Aside from the statement that Jesus starts his ministry at the age of thirty, the rest of this passage is a genealogy.  It can be very easy to skip over genealogies as they come up throughout the Bible.  This is probably because many of the names are unfamiliar to us and we don’t see the importance of the genealogy.  Luke does not include this genealogy without a purpose; it tells us some very important things.

First, there is one other place where we find Jesus’ genealogy, in Matthew 1.  We should start by noting the differences between Matthew’s account and Luke’s.

  • In Luke the genealogy goes from present to past whereas Matthew goes from past to present.  Luke’s version is not typical for a genealogy, and we will talk about why he may have done that later.
  • Luke’s genealogy extends back to Adam, whereas Matthews stops at Abraham.
  • In the stretch which they both cover, Abraham to Jesus, Matthew includes 41 names and Luke includes 57.
  • The genealogies are identical from Abraham to David.
  • Between David & Joseph only two names match, those being Shealtiel and Zerubbabel.

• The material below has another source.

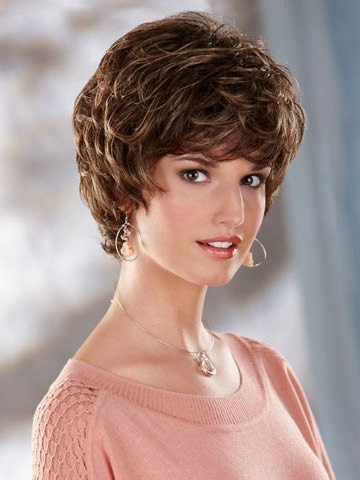 Nice Short Tousled Wavy Synthetic Capless Wig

How do we explain the differences?  The main questions seem to be why does Luke take his genealogy through Nathan rather than Solomon?  Why does Luke take 16 more names to get from David to Joseph than Matthew?  Why is Joseph said to be the son of Heli in Luke and the son of Jacob in Matthew?  These are the sort of questions which people write doctoral theses about.  So, I will not pretend to fully comprehend the theories in this post, but here is a brief summary of some popular theories:

  • Some believe the difference is that one genealogy represents Mary’s line and the other Joseph’s line.  This is easy enough to understand, under these theories, one genealogy represents Mary and one Joseph.  I don’t think this is the best approach.
  • Some think one is a “natural” line and the other is a “royal” line.  This set of theories is also easy to understand, one genealogy represents the natural genealogy of Jesus whereas the other gives the royal ancestry.  You can see how this theory comes about when you compare the genealogies to the Old Testament history.  Matthew clearly records the kings of Israel (royal line) and Luke does not (natural line).  So, as I understand it Matthew’s genealogy would be the royal line whereas Luke’s would be the natural line.  This would mean Joseph’s ancestry could be split after David and still return to Joseph by both lines.  This helps, but it still doesn’t explain why Joseph has two dads.
  • Finally, some think one is a “natural/royal” line and one is a “legal” line.  This set of theories proposes the idea of a “legal” line.  As I understand it, Matthew would become both the “natural and royal” line, whereas Luke would be designated the “legal” line.  This approach explains the split after David, and potentially the two dads of Joseph.  The theory being that perhaps Joseph’s “natural” father, Jacob, died while Joseph was young and his “legal” father is Heli.

If you have more questions, which I’m sure you do if you read this far, feel free to email me.  I would love to hear your questions.

Okay…enough of that.  Why does Luke include this genealogy?

As we have discussed before, the gospel writers all write with purpose and with emphasis.  They all share the purpose of recording their perspective of the good news which came through the life of Jesus Christ.  They all testify to Jesus’ divinity, His humanity, His life, His teachings, His death, His burial and His resurrection.  That said, each of them have their own distinct emphasis.  Matthew is often thought to be written to a community of Jews some of whom have come to believe Jesus is the Messiah and some who have not.  This is why Matthew’s genealogy stops at Abraham, the patriarch of Israel.  Luke on the other hand is written to gentiles like Theophilus who have questions about the faith they have received given the amount of persecution Christians are enduring.  Therefore, his genealogy goes back to the first human created, Adam.  Luke includes this genealogy to show Jesus’ connection to humanity (through Adam), to Israel (through Abraham) and to the Messianic line (through David).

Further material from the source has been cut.